You know, I was talking with a friend today who has a bay window and he admitted to wanting a T4. His words were "It's either a T4 or a big Mig welder" :lol: He was even persuading me to take the same route. I say admitted cause you know how some air-heads are about water cooled. I'm not sure what age your van is but good T3s are increasing in value now. It'll be the T4 next............

I'll check out them decals for you tomorrow.

G.


----------



## 97270 (Jan 14, 2006)

I thought the auto sleeper livery did nothing for beige ,the top looked huge.All white looks ok.

*Before*








*after*


----------



## joneser (Jun 25, 2005)

*can i see inside?*

it looks beautiful i have a pop top one! can you show me inside as i am a very nosey parker.


----------



## 88797 (May 9, 2005)

High Kite

Thanks for the reply but its not the actual coloured bit of the decals thats the problem its the 'varnish' top surface thats peeling off like a bad suntan!! Ill try and take a pic soon. A photo shoot would be good mate give me a few tips. I suppose its a full redo which I dont really want to do but oh well. As for the kitesurfing what a shame and bad luck there dude! Yep the T4 is rapidly becoming a classic in its own right and hopefully increasing in value.

A


----------



## 93352 (May 1, 2005)

Chugga.
Sorry not for replying sooner matey. I logged on a few weeks ago and up came the fee required thingy. I removed it from my favourites straight away! Not until I heard through another site that you could still use this forum without subscription did I realise. Doh!

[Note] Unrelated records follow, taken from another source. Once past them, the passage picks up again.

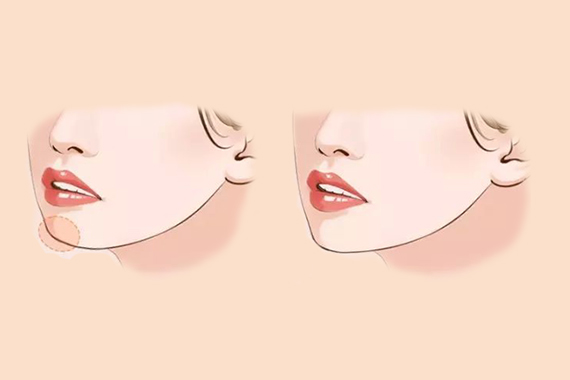 北京佰嘉利医疗美容诊所改脸型手术能改善哪些面部问题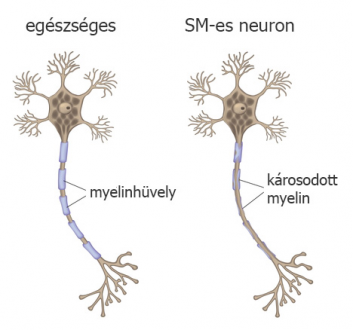 myelin_sclerosis_multiplex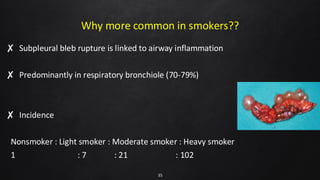Why more common in smokers??
✘ Subpleural bleb rupture is linked to airway inflammation
✘ Predominantly in respiratory bronchiole (70-79%)
✘ Incidence
Nonsmoker : Light smoker : Moderate smoker : Heavy smoker
1 : 7 : 21 : 102
35
 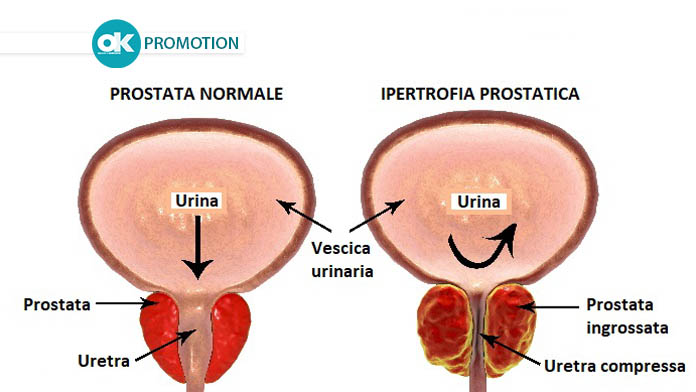 Ipertrofia prostatica: il robot riduce il volume della prostata, mantenendo l'eiaculazione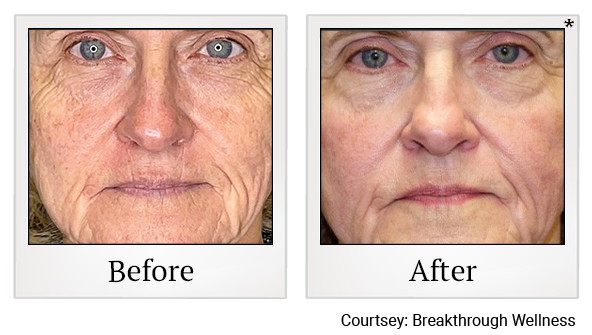 Results 27 of EmFace treatment at True Form Medical Group in Fremont and Oakland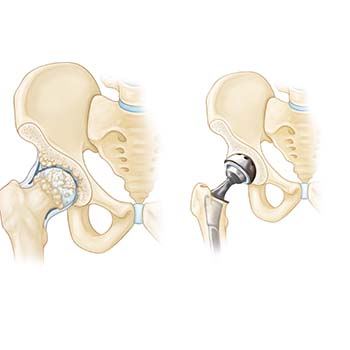 Hip-Replacement-Surgeon-in-Pune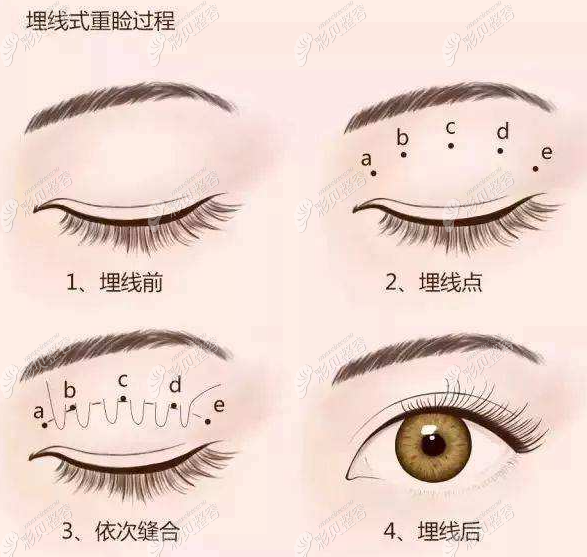 咨詢上海哪些醫(yī)院做埋線雙眼皮好,非公辦醫(yī)院做完會(huì)留疤嗎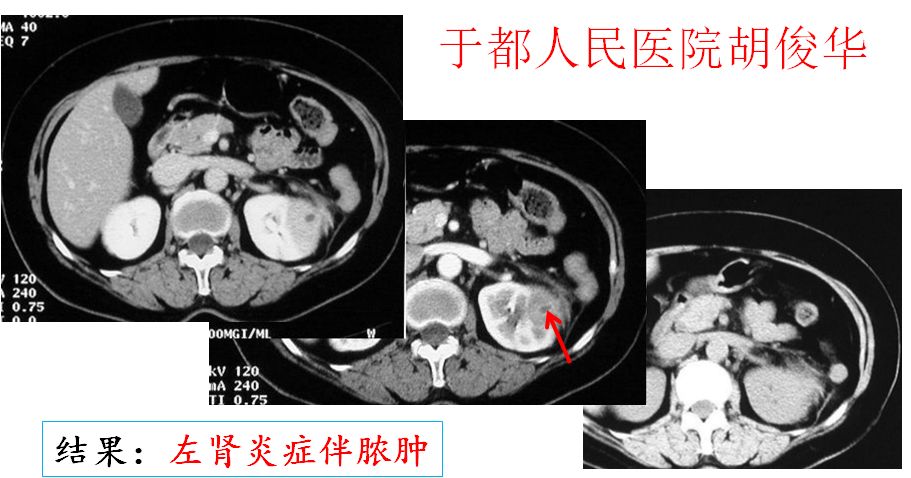 【PPT】肾脏炎性肉芽肿样病变影像表现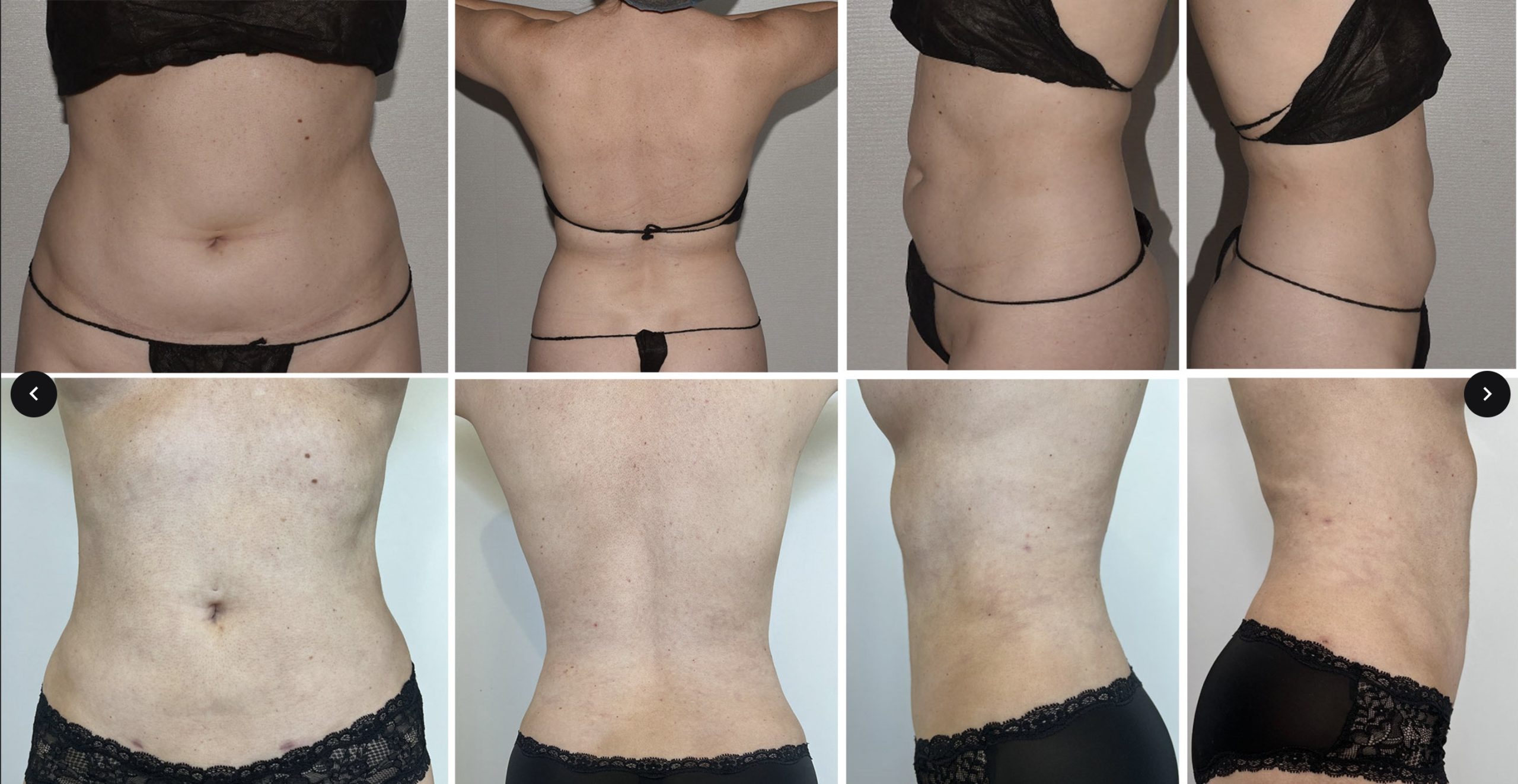 Two rows of comparison photos show a woman’s torso from front, back, and side angles. The Before and After Images highlight the impressive changes following her body transformation or Lipo 360 procedure.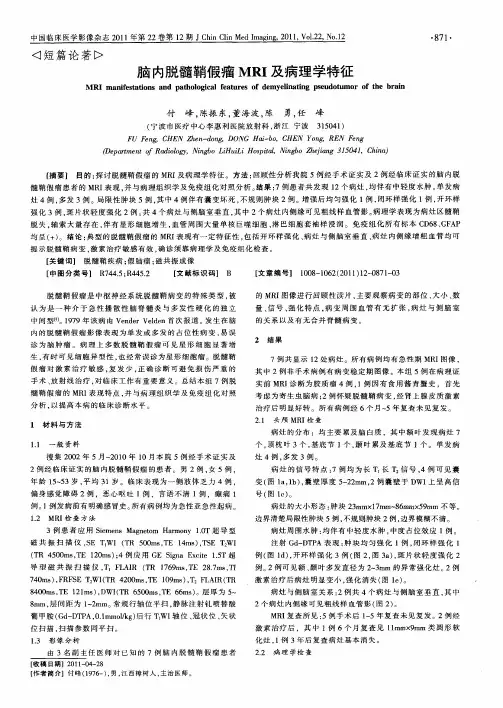脑内脱髓鞘假瘤MRI及病理学特征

I should have made that earlier post clearer. I didn't re-build the interior, I removed and then replaced it. This one I've made more changes to than the last and if anyone wants pics do ask!
I jsut re-made the curtains to a far better spec than the originals with elsticated sliding door curtains for those trips out in the wee hours! Saves having to undo the curtain and gives enough flex to lift over your head when coming in or out.
Next is a full upholstery make over and than later in the year were selling her. A T4 LWB home conversion has to be the way to go. 

K.


----------



## 1302 (Apr 4, 2006)

We swapped our '68 Danbury for our T4, it was a lovely van, but it is so original we were going to wear it out with all the use we were giving it! Also I felt in need of proper kitchen with fridge/freezer, and insulated pop top as we were using it in the winter (old one had very tall cloth top!)
We borrowed it back last weekend  http://www.newbeetle.org.uk/justbuggin2/viewtopic.php?t=6503


----------